When college students talk online, you’d expect them to discuss things like classes or dorm romances. What you might not expect are messages about life with plastic.
“Credit cards have definitely made my life harder,” one frustrated card user writes on CollegeClub.com, an online community of college students. “Credit is a blessing and a curse,” responds another.
As thousands of students head off to college each year, credit-card recruiters are waiting, with applications in hand, to recruit new cardholders. And with teenage consumerism on the rise, marketers are making credit more appealing and more available to students than ever before.
But that appeal can be ruinous, experts say, especially for those who lack the financial experience needed to handle a credit card.
Now, in response, lawmakers around the country are seeking legislation that would limit the availability of cards on campus and combat credit’s seductiveness.
A Degree in Debt
Students are faced with a barrage of hard-to-resist credit-card offers outside college classrooms and dining halls, and in their dorm mailboxes. Card recruiters set up tables in high-traffic areas on campuses and offer free gifts — compact discs, T-shirts, coffee mugs and posters — to lure new credit applicants.
The pitch apparently works. Seven in 10 undergraduates have at least one credit card, a recent study by the Consumer Federation of America found.
But many experts agree that those applicants often apply for credit on a whim and lack the financial knowledge and resources to manage a credit account. The vast majority of those college students with credit cards got them during their first year in college and, astonishingly, one in five college cardholders carries debt of more than $10,000.
As the number of card-carrying students rises, so does the debate over whether college students should have such potentially devastating access to personal credit cards.
The 1997 suicide of University of Central Oklahoma freshman Mitzi Pool has prompted many consumer advocate groups to bring the marketing techniques of card issuers into focus.
Pool was emotionally distraught after losing the part-time job she was dependent upon to pay off her three maxed-out credit cards, Pool’s mother said at a press conference last year.
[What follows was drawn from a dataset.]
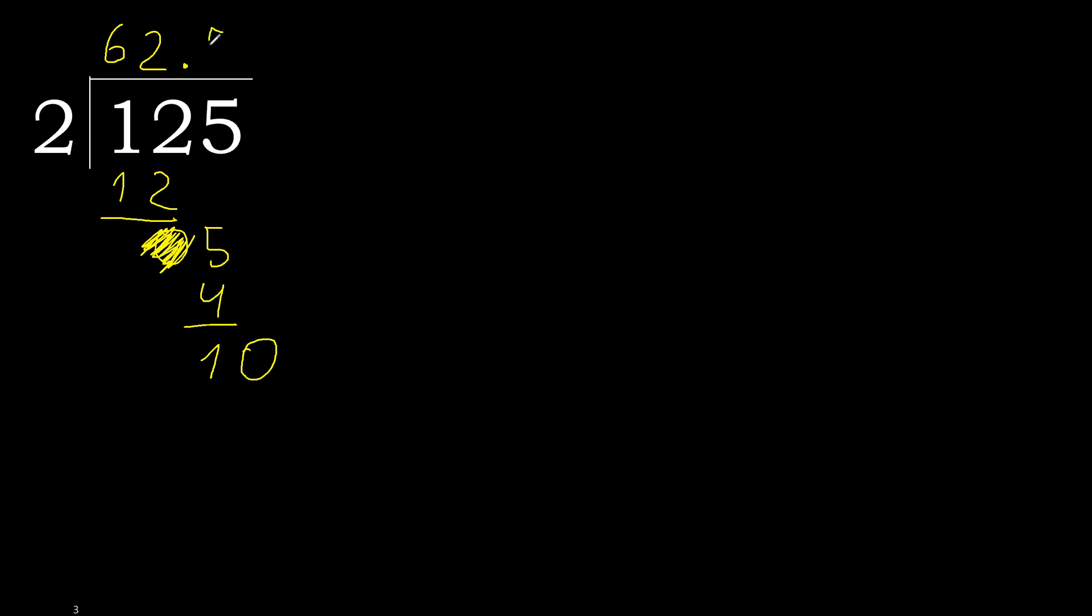2 multiplied by 5 is 10, it is not greater. Subtract, 0, 0. Therefore finish it. 125 divided by 2 is here.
She was found hanged in her dorm room surrounded by credit-card bills and her checkbook.
States Step In
“[Credit card] companies must work to market credit responsibly to students,” says Washington State Senator Julia Patterson.
Patterson, along with 15 other state senators, has made headway with legislation in her state that could severely limit the marketing strategies of credit-card companies and prevent financially dependent persons under 21 from obtaining credit cards on their own.
The proposed bill could also put an end to incentive-based college credit card applications in the state of Washington.
“Why should any 18- or 19-year-old who is still financially dependent on his or her parent be able to obtain [credit] limits that they can’t possibly support?” Patterson asks.
The Washington effort isn’t unique. In 1999, Louisiana and Arkansas enacted legislation that restricts on-campus marketing of student credit cards. California, Tennessee, Virginia, West Virginia, Pennsylvania, New Jersey and Virginia have seen bills as well.
Similar legislation was even introduced to the U.S. Senate Banking Committee last April, but died in committee.